- Theatrical release poster
- Directed by: V. Madhusudhana Rao
- Written by: Anasuya Shankar
- Based on: Sharapanjara (Kannada)
- Produced by: U. V. Suryanarayana Raju
- Starring: Krishnam Raju; Vanisri;
- Edited by: Marthand
- Music by: Vijaya Bhaskar
- Production company: Gopi Krishna Movies
- Distributed by: Narendra International
- Release date: 1974;
- Country: India
- Language: Telugu

= Krishnaveni (film) =

Krishnaveni is a 1974 Indian Telugu-language film directed by V. Madhusudhana Rao, starring Krishnam Raju and Vanisri, under the banner of Gopikrishna Movies. The film received critical acclaim and commercial success upon release. The movie was about a woman suffering from hysteria and the emotional trauma for her family. It is a remake of the Kannada hit film Sharapanjara (1971).

==Plot==

The movie starts with the marriage of a young couple, Krishnaveni (Vanisri) and Krishnamraju, and continues with a happy family life with kids.
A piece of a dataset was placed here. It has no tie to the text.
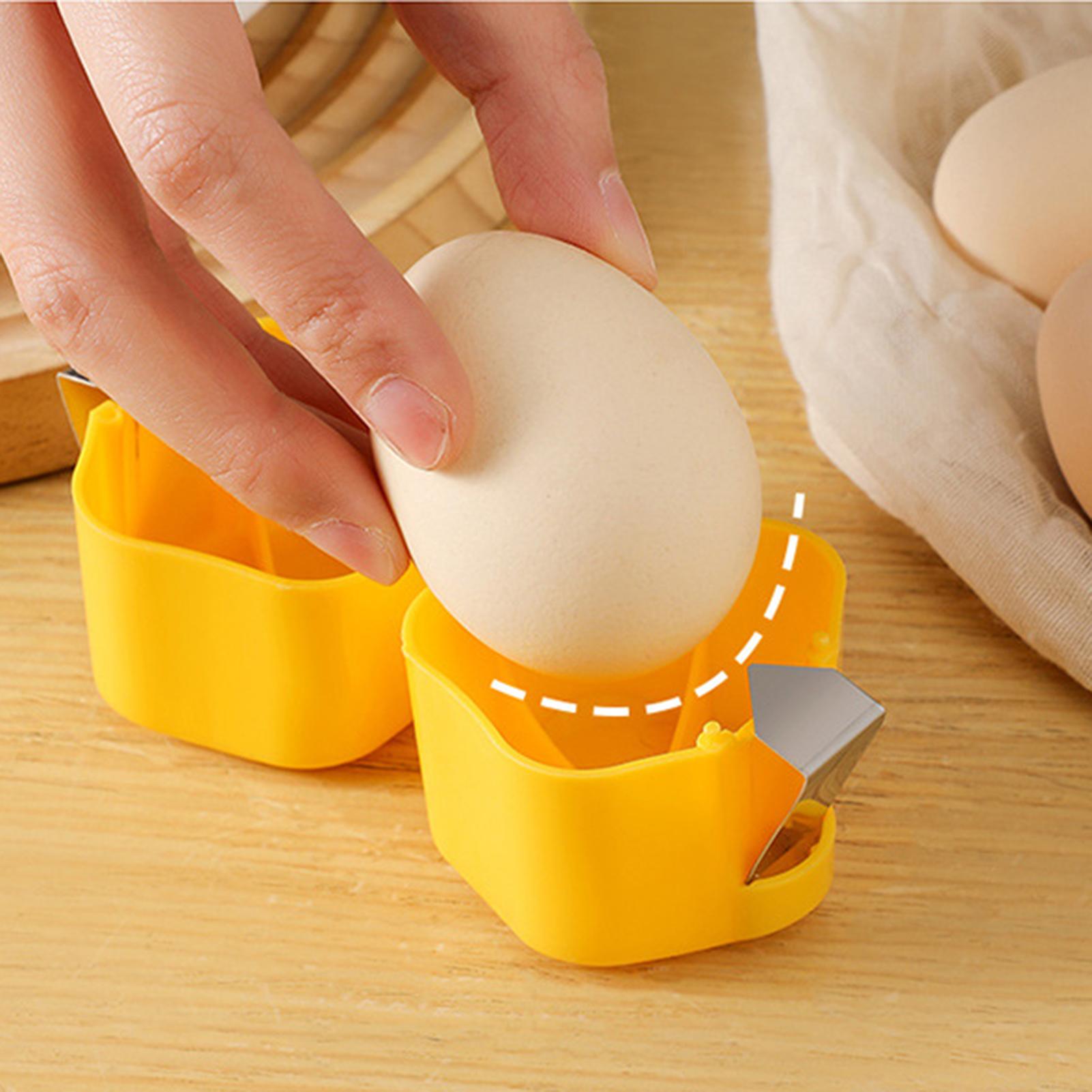 3 в 1: устройство для разбиван – обзор и цена Egg Separator Tool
The couple decides to go to a tourist place called [Srisailam]. Krishnaveni has subconscious bad memories of her childhood abuse and the place where she was molested. She starts having hallucinations, overwhelming fear and other symptoms of mental illness. She is sent to a mental hospital and treated by psychologists. After her return from hospital, she is not welcomed back by her family members, kids, neighbours or even her friends. Society is afraid of her disease. Evil people misuse this opportunity. Slight disagreements or arguments are also treated as a sign of her disease. She cannot regain the affection of her husband and kids. Her misfortunes continue until she becomes ill again. The movie ends on a sad note, but conveys a message about society's misconceptions about mental illness.

==Cast==
- Krishnam Raju as Satyanarayana Murty
- Vanisri as Krishnaveni
- Gummadi as Krishnaveni's father
- Anjali Devi as Krishaveni's mother
- M. Balaiah
- Pandari Bai as Satyanarayana's elder sister
- Raja Babu as Bheemanna
- Rama Prabha as Kamakshi
- Nirmalamma as Sundaramna
- Manju Bhargavi as Leela

==Soundtrack==
The soundtrack features 5 songs.

- "Krishnaveni, Teluginti viriboni, Krishnaveni, Naa inti aliveni" - Lyrics written by C. Narayana Reddy. Sung by P. Susheela and V. Ramakrishna.
- "Sreesaila Mallayya" - Lyrics written by C. Narayana Reddy. Sung by P. Susheela.
- "Sangeetam madhurasangeetam" - Sung by P. Susheela.
- "Padunalegellu vanavamegi marali vacchenu Sita, Parama pavani aa maatha" - P. Susheela
- "Enduko nuvvu naato unna vela inta hayi" - P. Susheela, V. Ramakrishna.